My metric for metrics is to track things that will change your behavior. If a metric changes and you don't, then it's a pointless metric.

I've seen many companies track reasonable metrics, only to do nothing about them when they change. They just try to "do more" of whatever they were already doing.

Doing the right things with the right metrics is not a skill that everybody has and not everybody can learn.



This is true. Also beyond these problems, I am going to say something else.

Marketing is not the result of a few actions. It is and should be something woven into all business activities. It should be part of your email signatures, participating on social networking sites, etc. All of the little things build up and the thins which really help with building a presence.

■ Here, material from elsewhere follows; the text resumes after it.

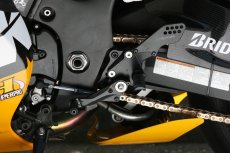 画像3: STRIKER Sports Touring Concept”STC” STEP KIT 4ポジション　SUZUKI GSX1300R 隼 99~20 /ABS (3)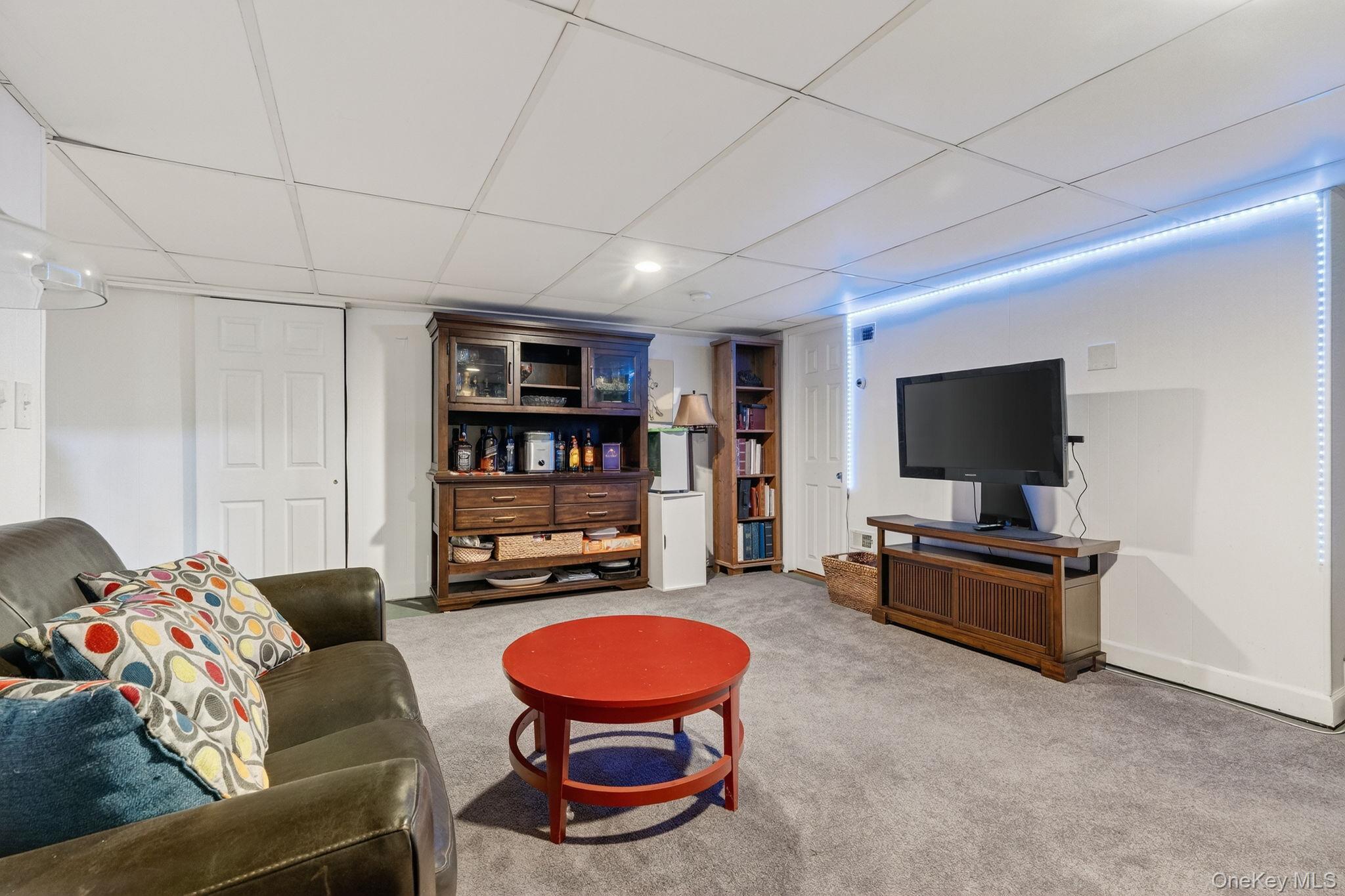 Single Family Closs  Dutchess County, NY 12572, MLS-937748-24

There are legitimate marketing hacks but they don't involve tricking users. They involve living and breathing marketing, and realizing that building your business means a billion little marketing hacks, not a few big ones.


Best thing I've read on HN in a while.


"My metric for metrics is to track things that will change your behavior. If a metric changes and you don't, then it's a pointless metric."

This is exactly what you are supposed to do in high-level RTS strategy. In Starcraft for example, you should know ahead of time what 'tells' you are looking for, and disregard the rest. It lets you focus only on the information that influences your decisions, and minimizes distractions from "scary" things the opponent may be doing.


>> My metric for metrics is to track things that will change your behavior. If a metric changes and you don't, then it's a pointless metric.

That's an interesting approach, and seems like a really useful filter for quick sanity checks of the correlation or causation question.